#### Aim of the exercise:
Without the images, repeat every line of the listing exactly.

(Collected data Opens)

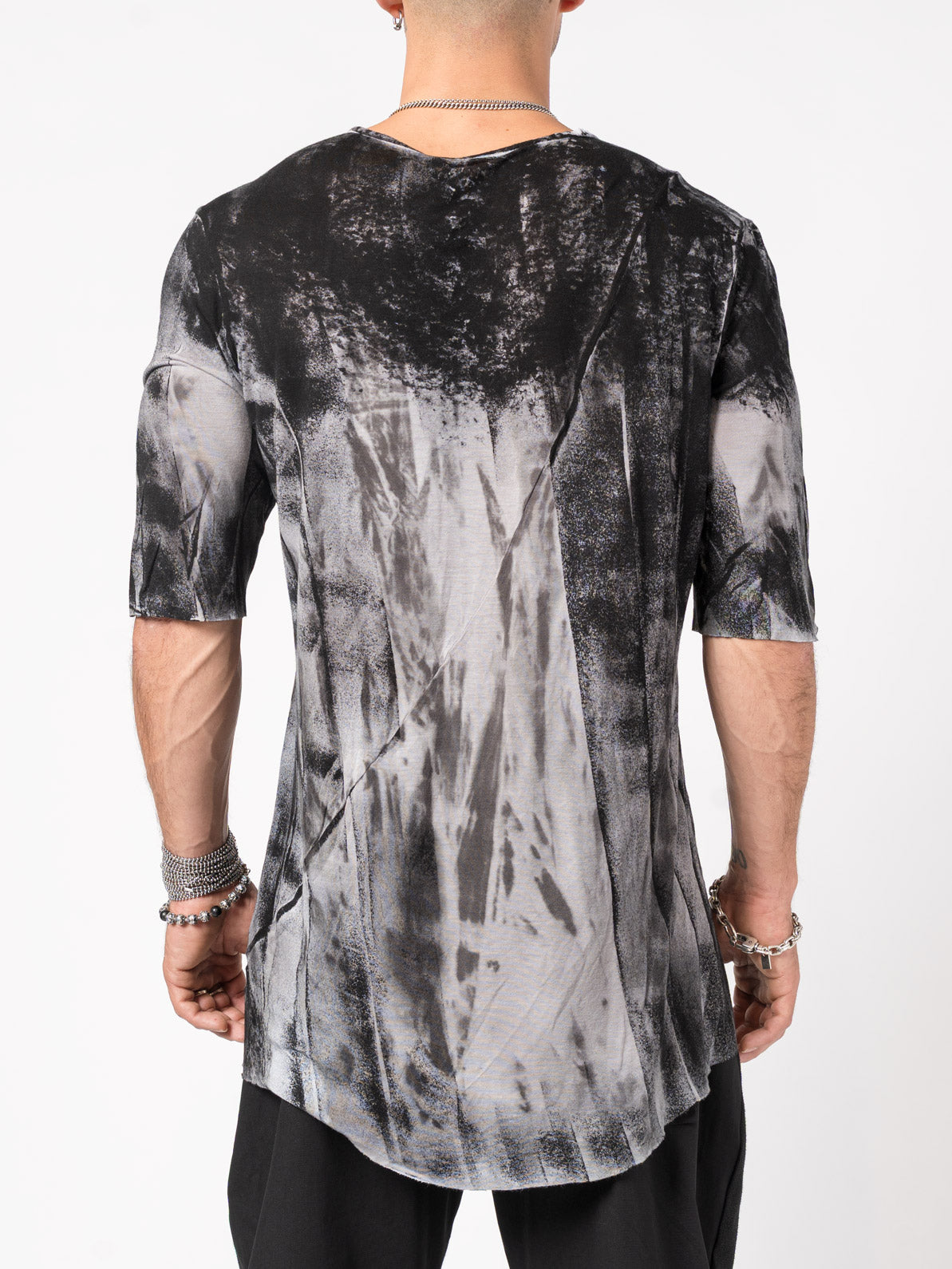 Abstract-Dyed V-Neck T-Shirt - INN7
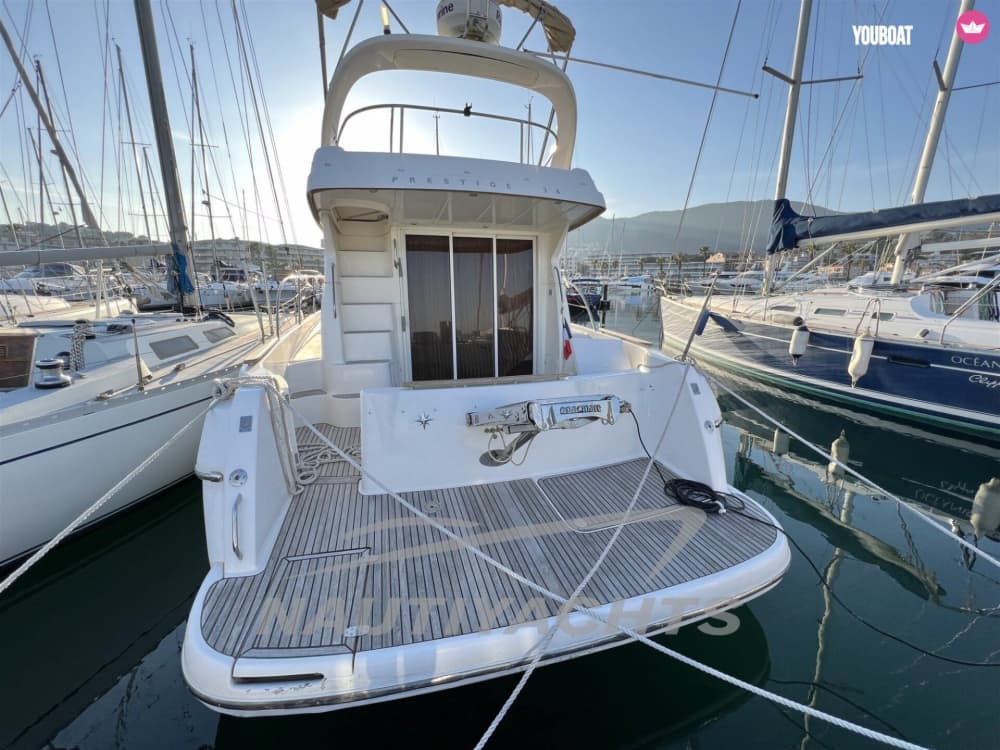 FEUX D'ARTIFICES en baie de CANNES 5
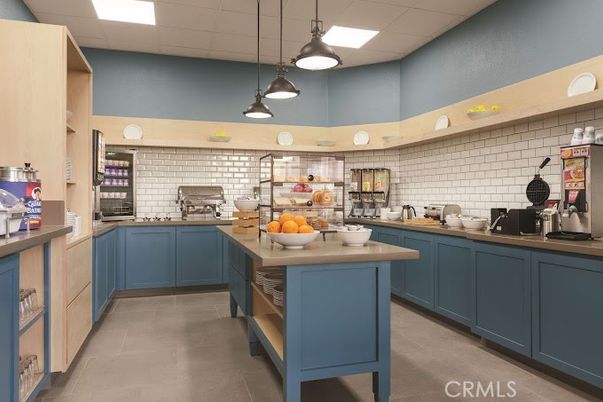 Interior, Kitchen, Pendant Lights, Stone Walls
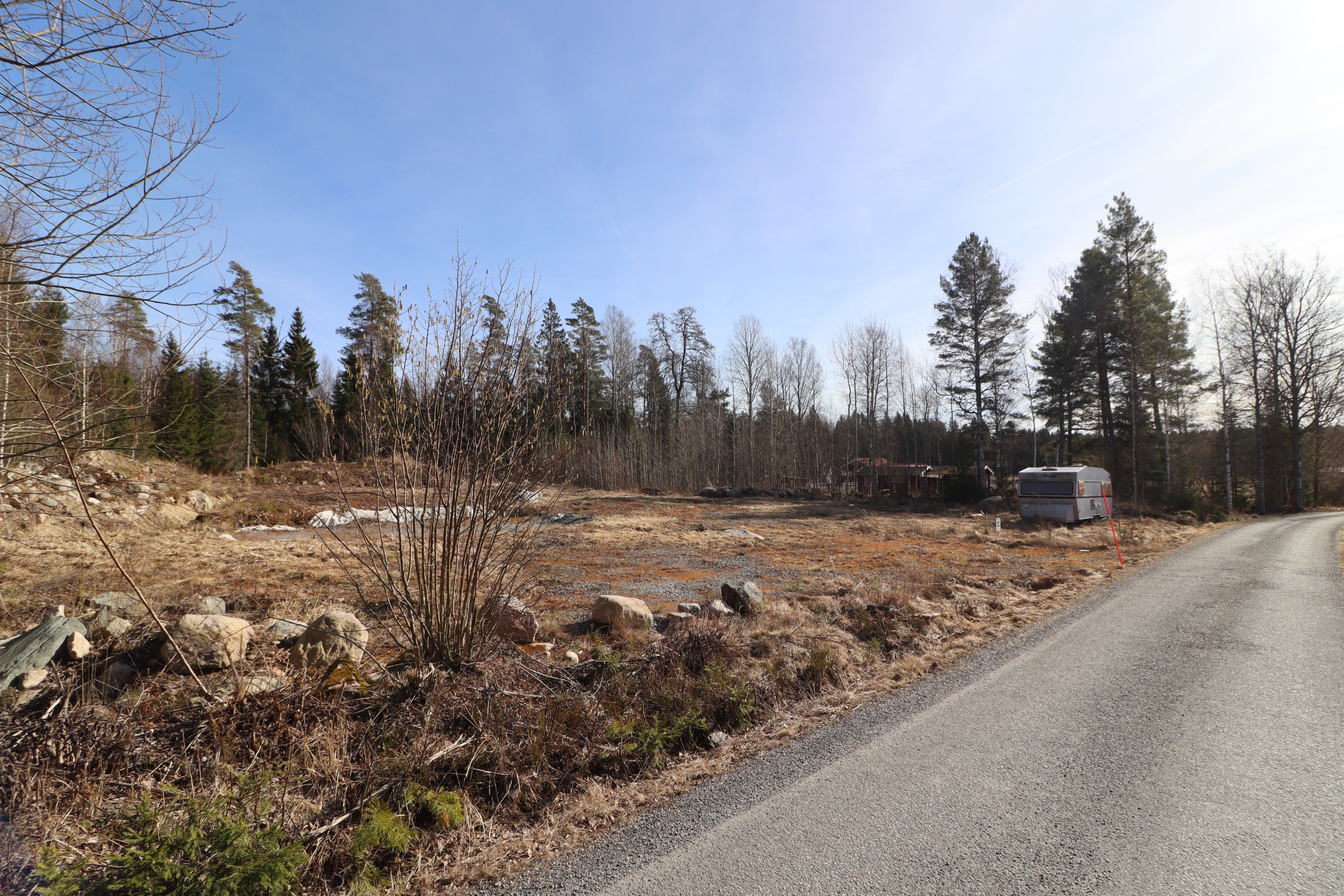 Klart med väg fram. Sättrabyvägen går förbi.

(Collected data Closes)

#### Answer for this exercise:
 Abstract-Dyed V-Neck T-Shirt - INN7
 FEUX D'ARTIFICES en baie de CANNES 5
 Interior, Kitchen, Pendant Lights, Stone Walls
 Klart med väg fram. Sättrabyvägen går förbi.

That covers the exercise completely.